[Recorded data]
==========

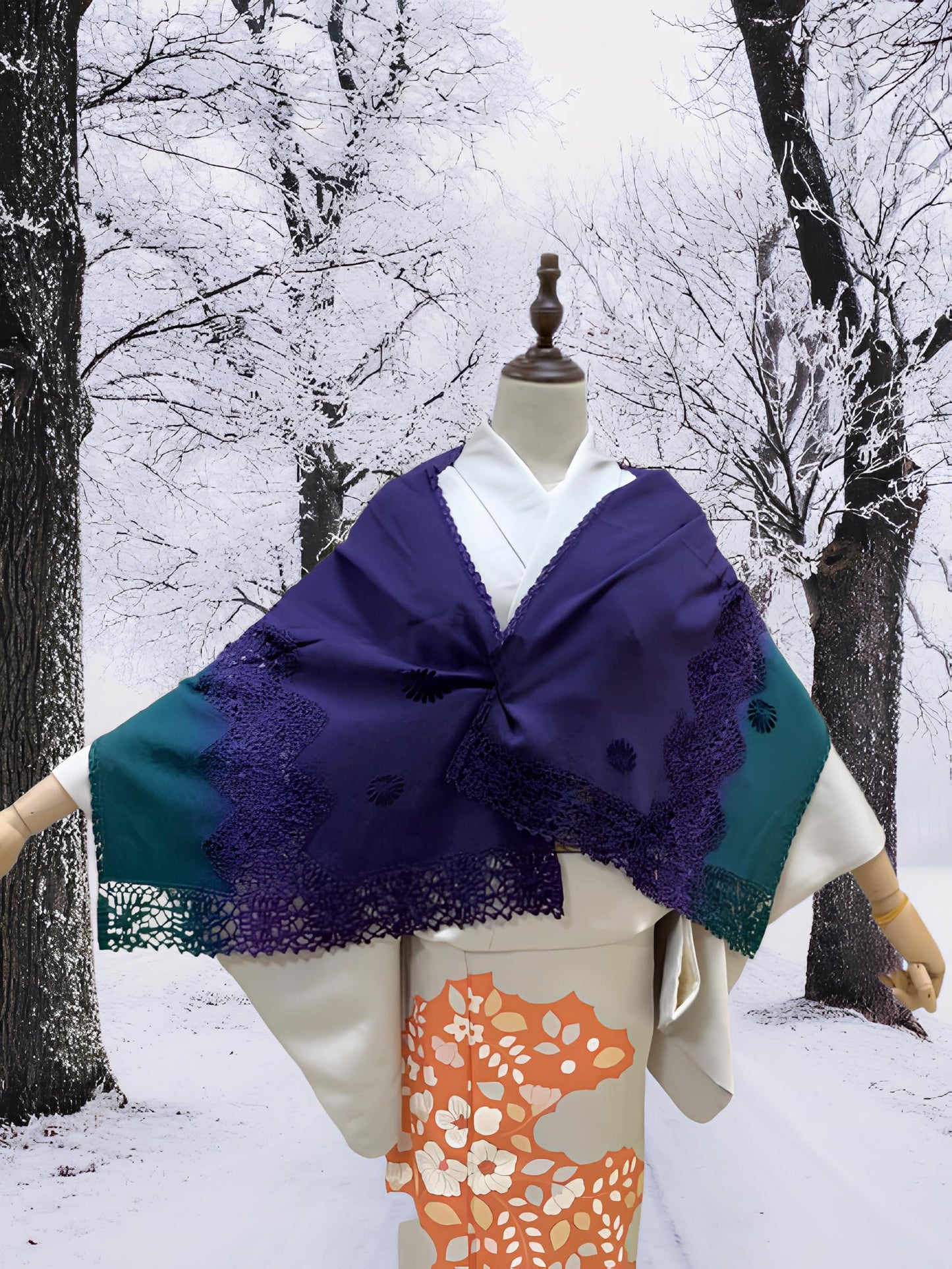 Women's Gradient Kimono Shawl: Crochet Trim Outwear-Set 1(B)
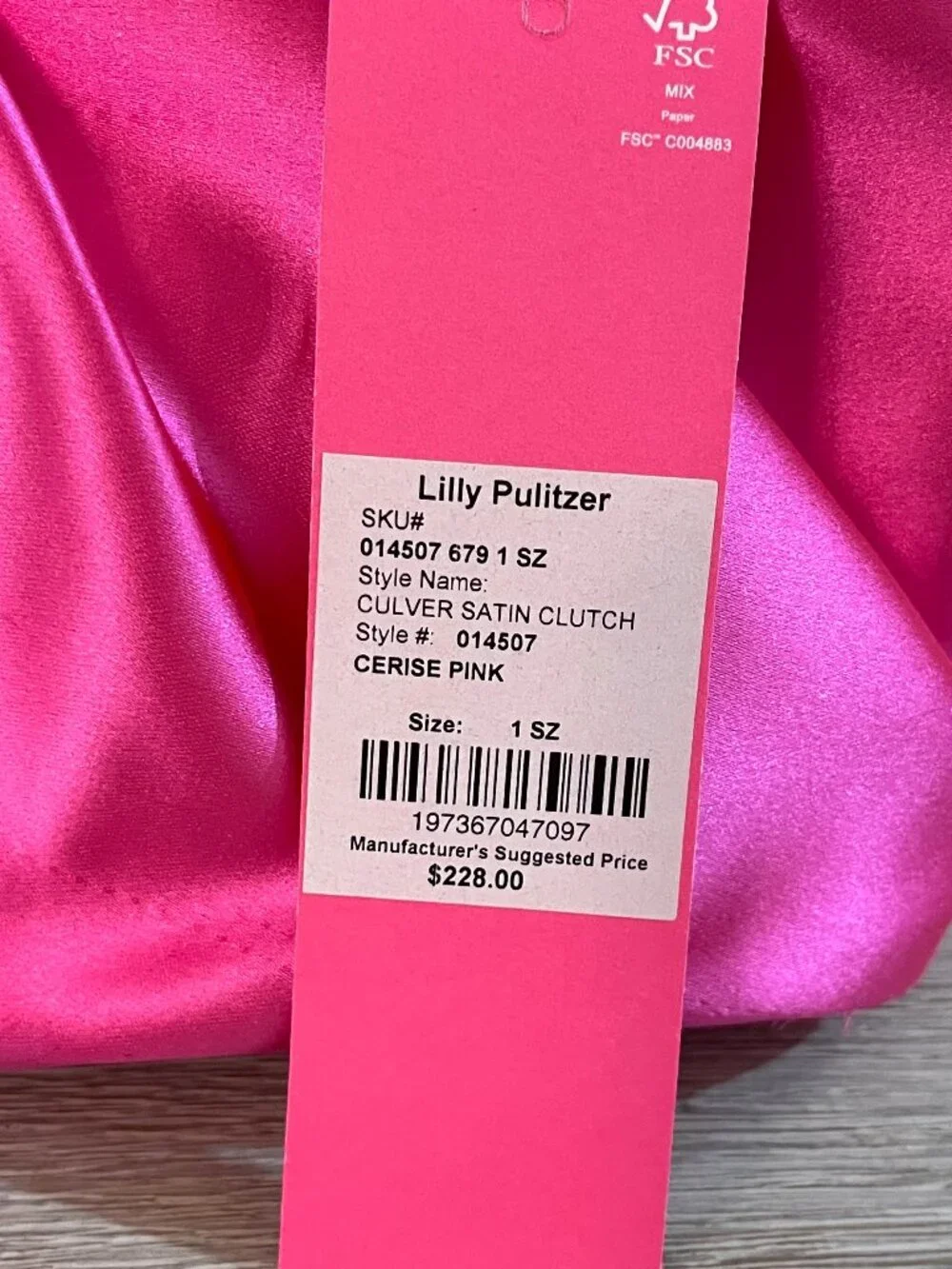 New Lilly Pulitzer Culver Clutch Bag Cerise Pink Satin Gold Metal Bamboo Handle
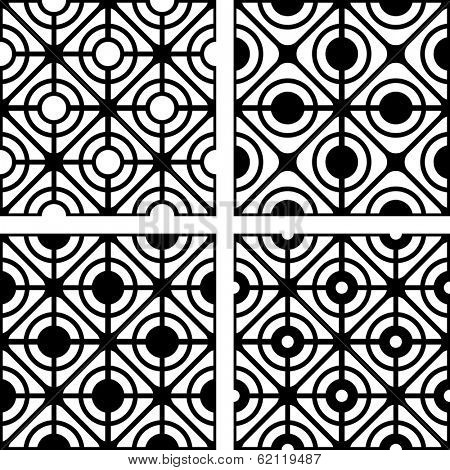 Lattice patterns set. Seamless geometric textures. Vector art.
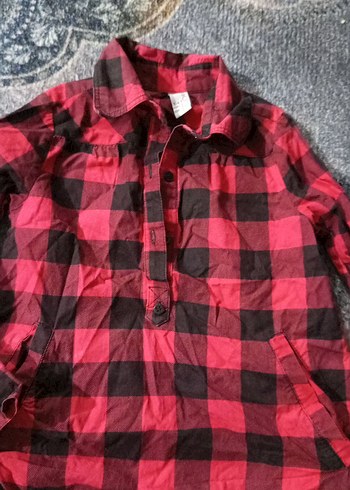 kız çocuk Kırmızı Kareli Uzun Kollu Gömlek - Görsel 2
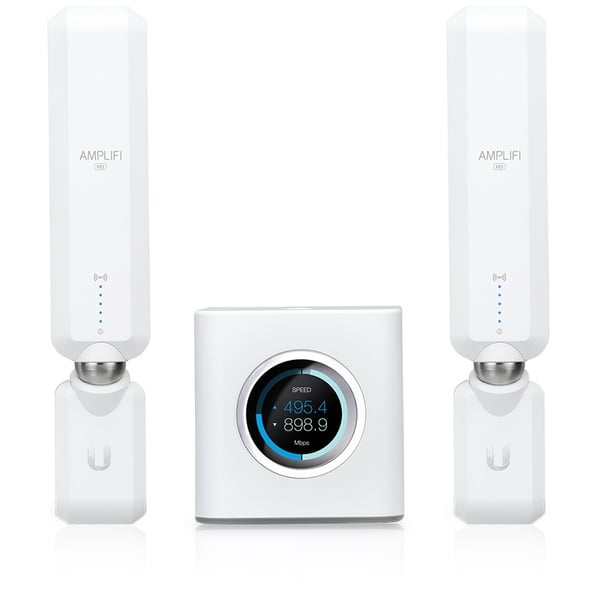 Ubiquiti AmpliFi Home Router, 2x Mesh Points, Plug and Play, opptil 5 Gb/s, hvit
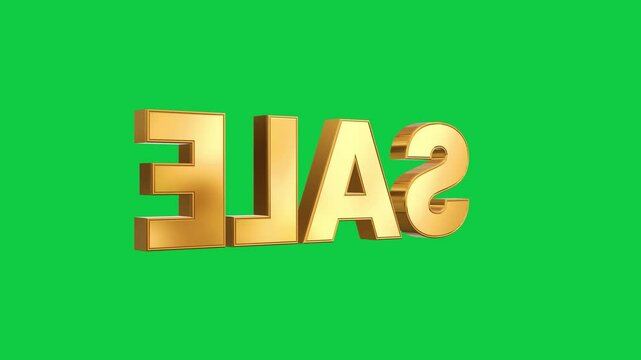golden 3d sale text isolated on green background loop animation, black friday mega sale motion design element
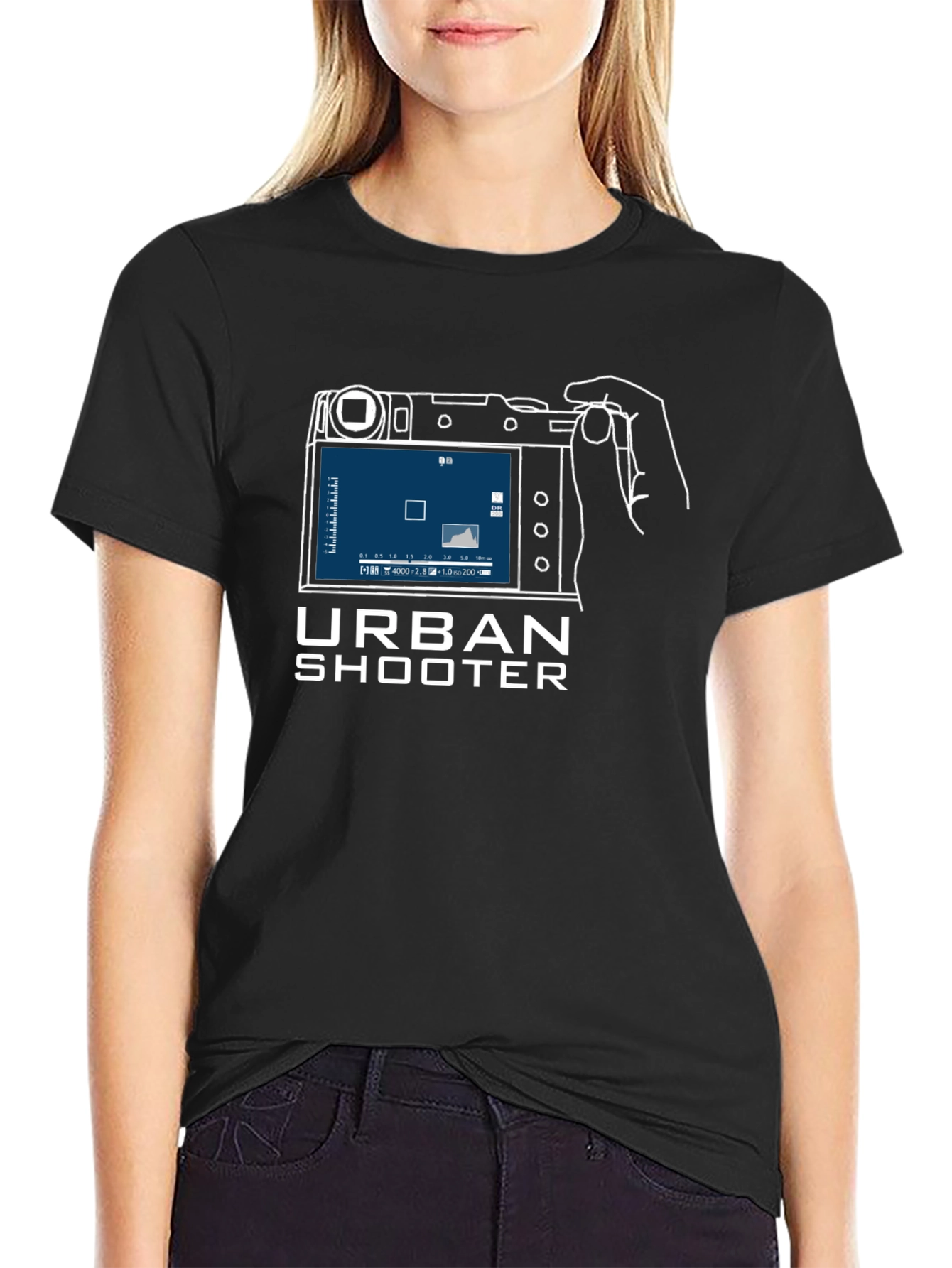 Black Urban Shooter T-Shirt: Camera Graphic Tee view 2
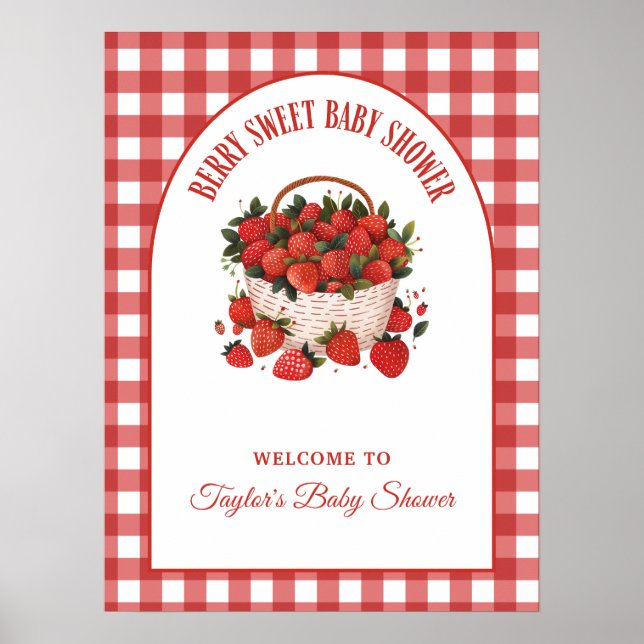 Berry Sweet Baby Shower Strawberry Welcome Sign (Front)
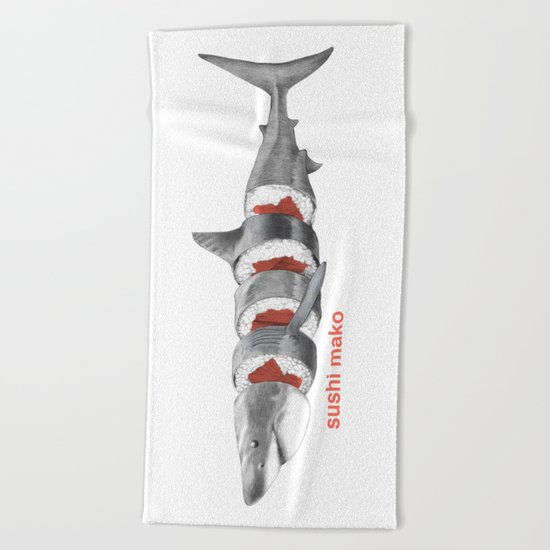 Sushi Mako Beach Towel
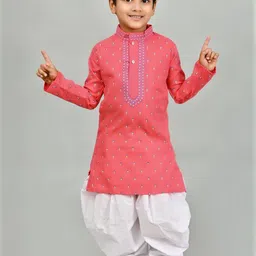 HUMAN CHOICE Kids-Boys Printed Cotton Blend Kurta Sets-picture-18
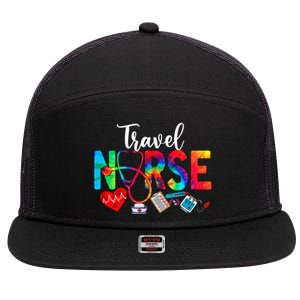 Travel Nurse Tie Dye Love Heart Stethoscope RN Nurse Women 7 Panel Mesh Trucker Snapback Hat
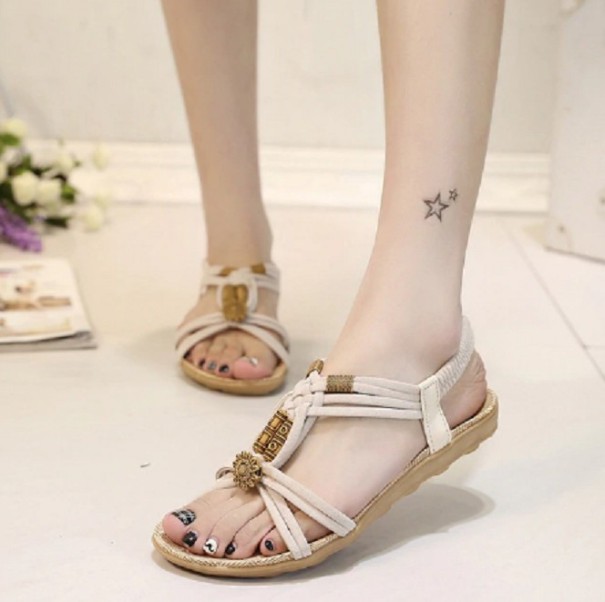 Sandalias cómodas de mujer crema 42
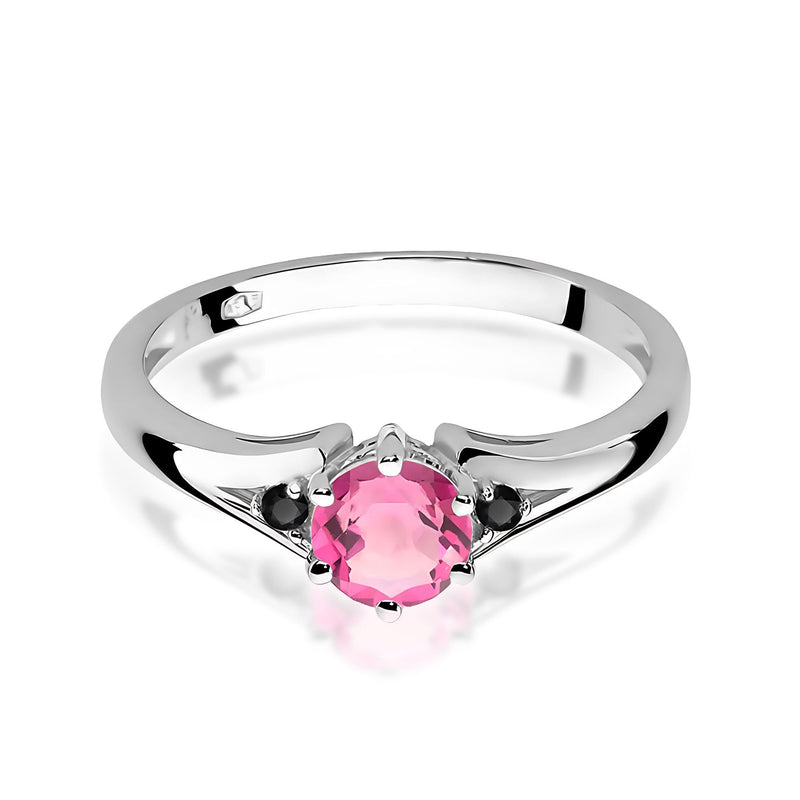 Inel Aur 14K cu Topaz Roz 0.60 ct si Diamante Naturale Negre 0.03 ct, imaginea 5 din 9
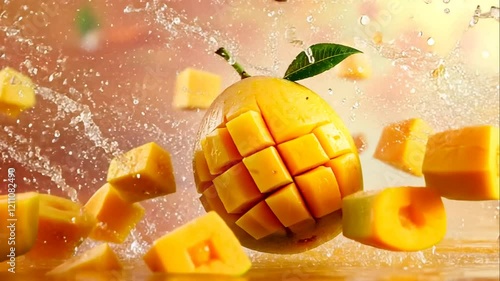 Juicy mango splashing in water with diced pieces.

==========

Required work:
All the lines above must be written out exactly, without a single picture.

Answer to this problem:
 Women's Gradient Kimono Shawl: Crochet Trim Outwear-Set 1(B)
 New Lilly Pulitzer Culver Clutch Bag Cerise Pink Satin Gold Metal Bamboo Handle
 Lattice patterns set. Seamless geometric textures. Vector art.
 kız çocuk Kırmızı Kareli Uzun Kollu Gömlek - Görsel 2
 Ubiquiti AmpliFi Home Router, 2x Mesh Points, Plug and Play, opptil 5 Gb/s, hvit
golden 3d sale text isolated on green background loop animation, black friday mega sale motion design element
 Black Urban Shooter T-Shirt: Camera Graphic Tee view 2
 Berry Sweet Baby Shower Strawberry Welcome Sign (Front)
 Sushi Mako Beach Towel
 HUMAN CHOICE Kids-Boys Printed Cotton Blend Kurta Sets-picture-18
 Travel Nurse Tie Dye Love Heart Stethoscope RN Nurse Women 7 Panel Mesh Trucker Snapback Hat
 Sandalias cómodas de mujer crema 42
 Inel Aur 14K cu Topaz Roz 0.60 ct si Diamante Naturale Negre 0.03 ct, imaginea 5 din 9
 Juicy mango splashing in water with diced pieces.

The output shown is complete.